Derek Brewster’s Adventure Trail

BORNE BY DESIGN!

Quilled games began to surface in 1984. The Quill utility from Gilsoft was a mixed blessing. On the one hand it allowed programmers to develop complex programs without the need to worry about how these programs might be implemented. This improved access allowed people with imagination and flair to produce original software. On the other hand The Quill gave access to many dabblers who, quite frankly, should never have produced software. Their heads full of nonsense put about by the frivolous press about easy money, they thought writing software was much easier than it actually is.

Writing a computer game is no different to writing any other game, whether for a board or a television studio. It must possess enough fine qualities to make the player actually want to get involved and to spend some time getting to know the rules. Once the player has finished playing he/she should wonder at how clever the whole game’s design was and how well it played.

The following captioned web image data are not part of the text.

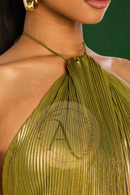 Vestido Longo Metalizado Rose – Elegância Luxuosa com Fenda Alta e Brilho Deslumbrante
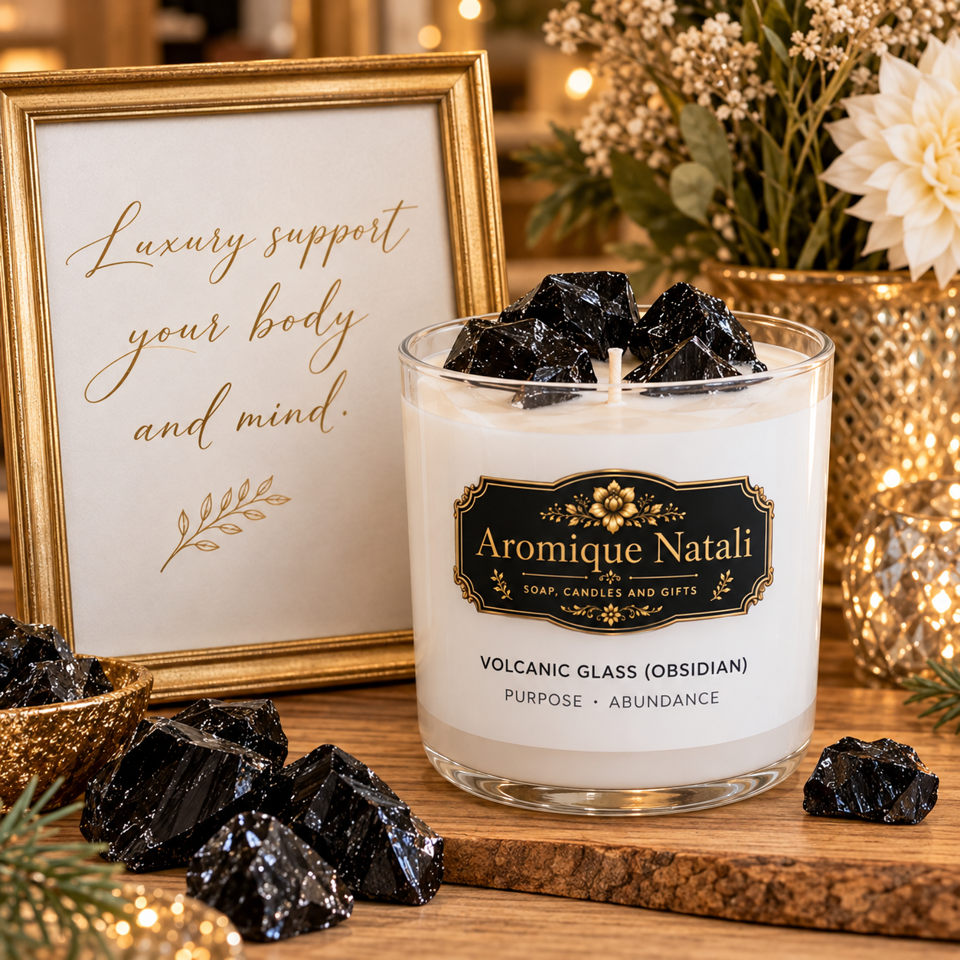 Volcanic Glass (Obsidian)Luxury Crustal Candle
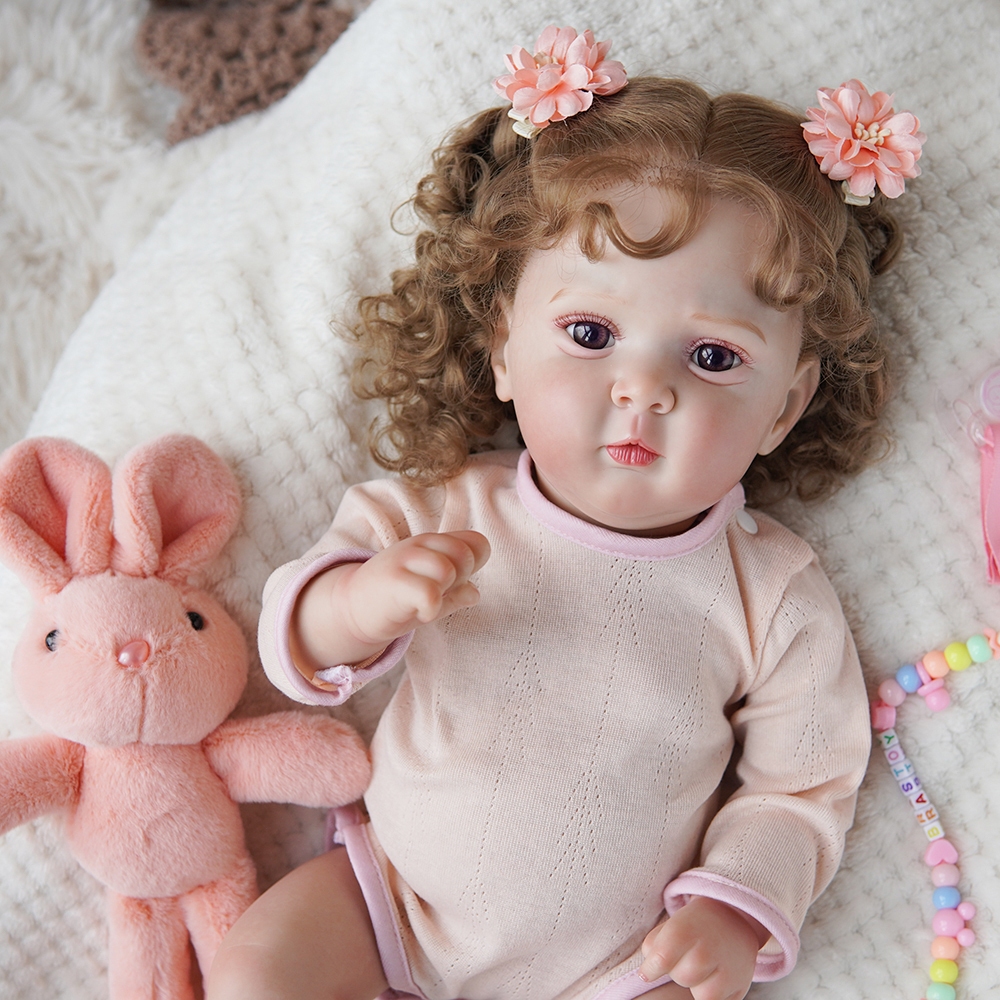 Bebê Reborn Boneca Silicone 48cm Menina Pode dar Banho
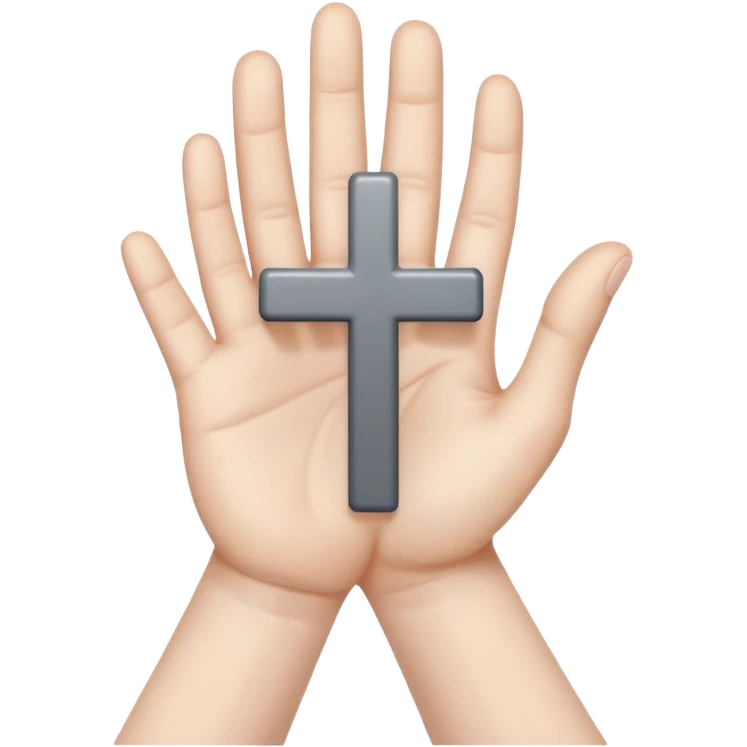 grey hand with upside down cross on the palm emoji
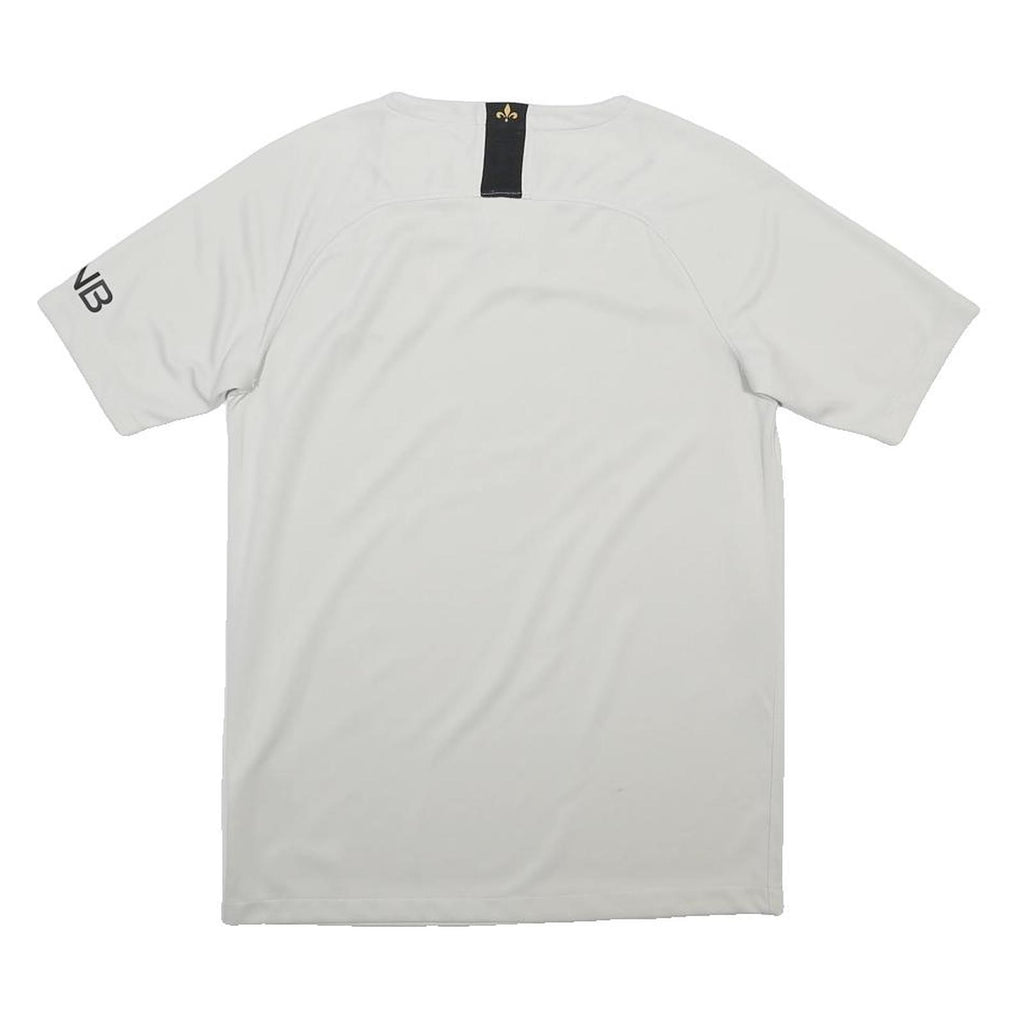 NIKE Boys White Gold Paris Soccer T-Shirt XL Short Sleeve V-Neck Sports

Although The Quill imposes severe restrictions upon the design of a game it is clear from analysing the charts that this is not such a fundamental factor in determining the success or failure of a Quilled adventure. Hampstead was a Quilled game and a chart success. The reasons for this seemingly anomalous situation lie in that game’s refreshing originality and cutting humour (notice cutting humour, not slapstick which was surpassed soon after Laurel and Hardy and only lives on in BBC comedies). Tower of Despair did not make the charts but it had an imaginative story and was well laid out with a fine redesigned character set.

The factors which link good adventures are borne of the thought, design and discussion which precedes their implementation. Even in the case of an all machine-coded adventure, the design stage takes more time than the coding.